Cabe inicialmente esclarecer que há uma nítida diferença entre retenção e apreensão de veículos, sendo esta, medida utilizada em infrações mais graves e que consiste na retirada de circulação do veículo com o consequente condicionamento de sua devolução ao pagamento de multas e/ou outros encargos.
Já na retenção o veículo poderá voltar a circular tão logo a irregularidade seja sanada.
Neste sentido, a autoridade de trânsito não pode, ou não deveria, confundir direito à realização de transporte irregular (direito este que não existe), com o direito de não ter o veículo apreendido pela realização de transporte irregular (direito que existe e que deve ser amparado pelo judiciário).
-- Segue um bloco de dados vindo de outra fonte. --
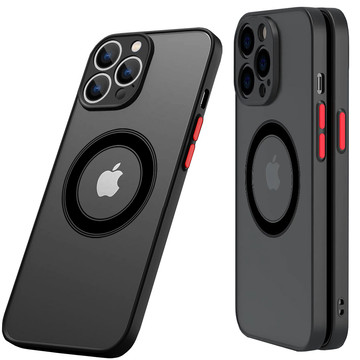Apple iPhone 13 Pro Max Case Alogy Hybrid Mag Case for MagSafe with Camera Protection Matte Black Qi Charger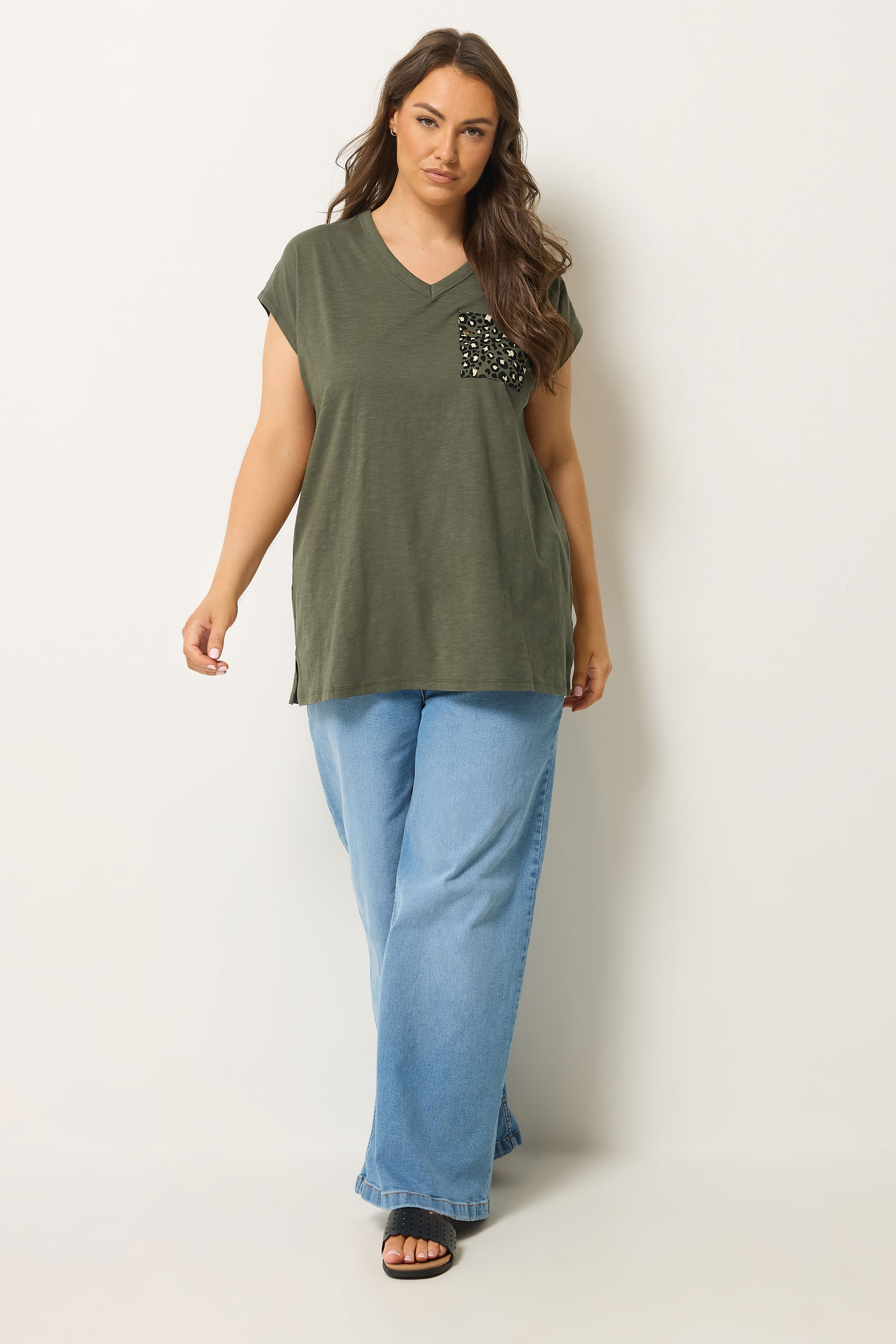 YOURS Plus Size Khaki Green Animal Stud Pocket T-Shirt | Yours Clothing 1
Realmente o transporte irregular de passageiros não é legítimo. Muito pelo contrário. Acontece que, não restam dúvidas que o particular, mesmo cometendo uma infração de trânsito, tem direito líquido e certo de não ver seu veículo apreendido, com o condicionamento da liberação ao pagamento de multa superior à estabelecida no Código de Trânsito Brasileiro.
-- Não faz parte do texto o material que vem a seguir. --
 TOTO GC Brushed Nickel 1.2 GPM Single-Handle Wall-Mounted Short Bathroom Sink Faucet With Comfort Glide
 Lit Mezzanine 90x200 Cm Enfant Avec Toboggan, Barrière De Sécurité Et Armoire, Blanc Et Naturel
Cumpre registrar que essa atitude, infelizmente, vem se configurando um insistente disparate no que tange a entendimento já consolidado no ordenamento jurídico.
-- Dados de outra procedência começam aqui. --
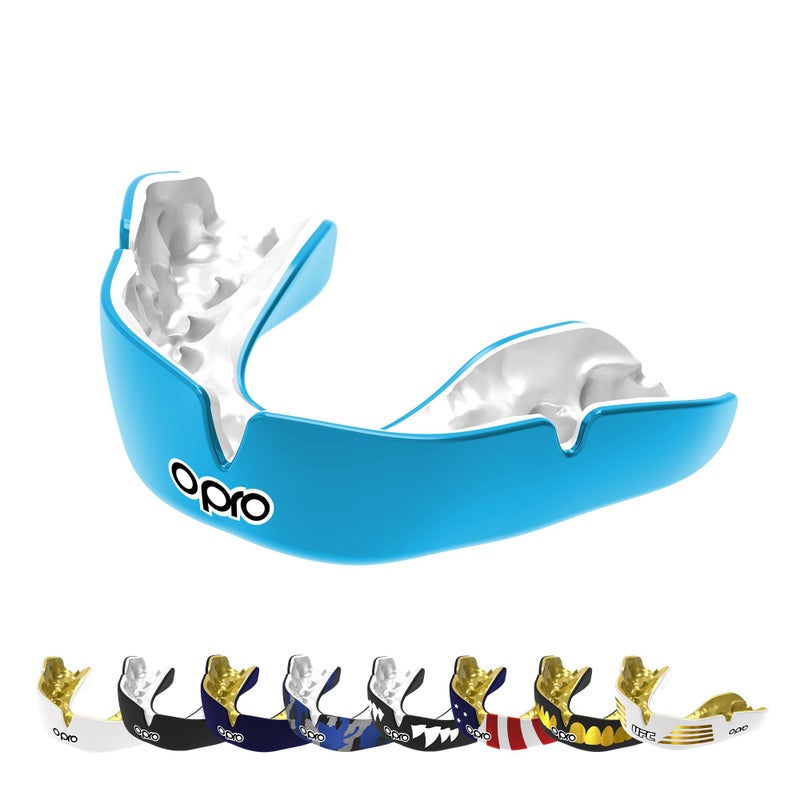 OPRO Instant CustomFit Mouth Guard DentistLevel Comfort Fit Moldable Mouthguard for Football Boxing Rugby MMA BJJ UFC Mouth Piece Includes Mouth Guard Case Sky BlueWhite Adult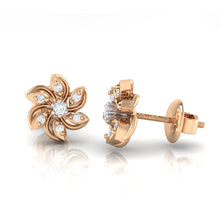 Load image into Gallery viewer, 18Kt rose gold floral diamond earring by diamtrendz
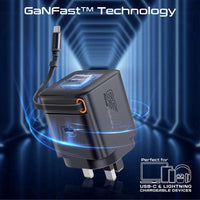 Promate Cubix-R65 شاحن 65 واط - أسود - تصميم مدمج بتقنية GaNFast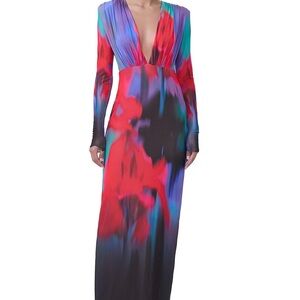 AFRM Red and Blue Long Sleeve Plunge Gown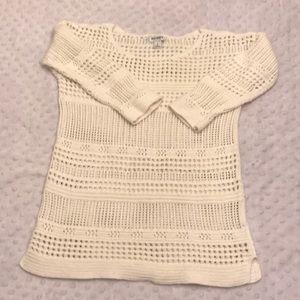 Cream 3/4 Quarter Sleeve  Crochet Sweater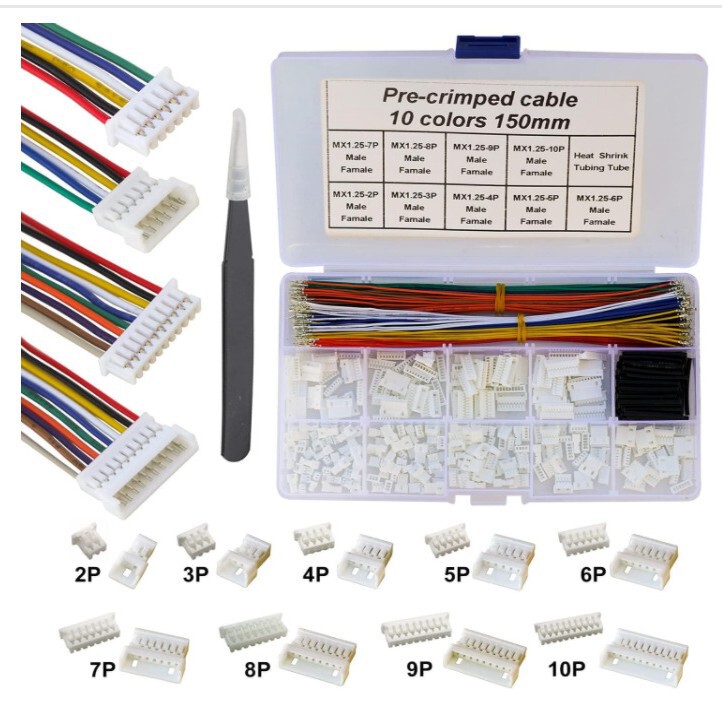 MX1.25 male and female connector kit pre-crimped cables are compatible with 240 connectors and 200 28AWG cables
É fato que a autoridade de trânsito deve fiscalizar o transporte irregular de passageiros, mas em conformidade com os dispositivos legais aplicáveis ao caso, sendo vedado à Administração Pública fundar seus atos em dispositivos que afrontam o princípio da legalidade.
Essa infração (transporte remunerado de pessoas ou bens sem o devido licenciamento) encontra previsão no art. 231, inciso VIII, do Código de Trânsito Brasileiro, nos seguintes termos;
"Art. 231. Transitar com veículo:
(...)
VIII - efetuando transporte remunerado de pessoas ou bens, quando não for licenciado para esse fim, salvo casos de força maior ou com a autorização da autoridade competente:
Infração - gravíssima;
Penalidade - multa
Medida administrativa - remoção do veículo".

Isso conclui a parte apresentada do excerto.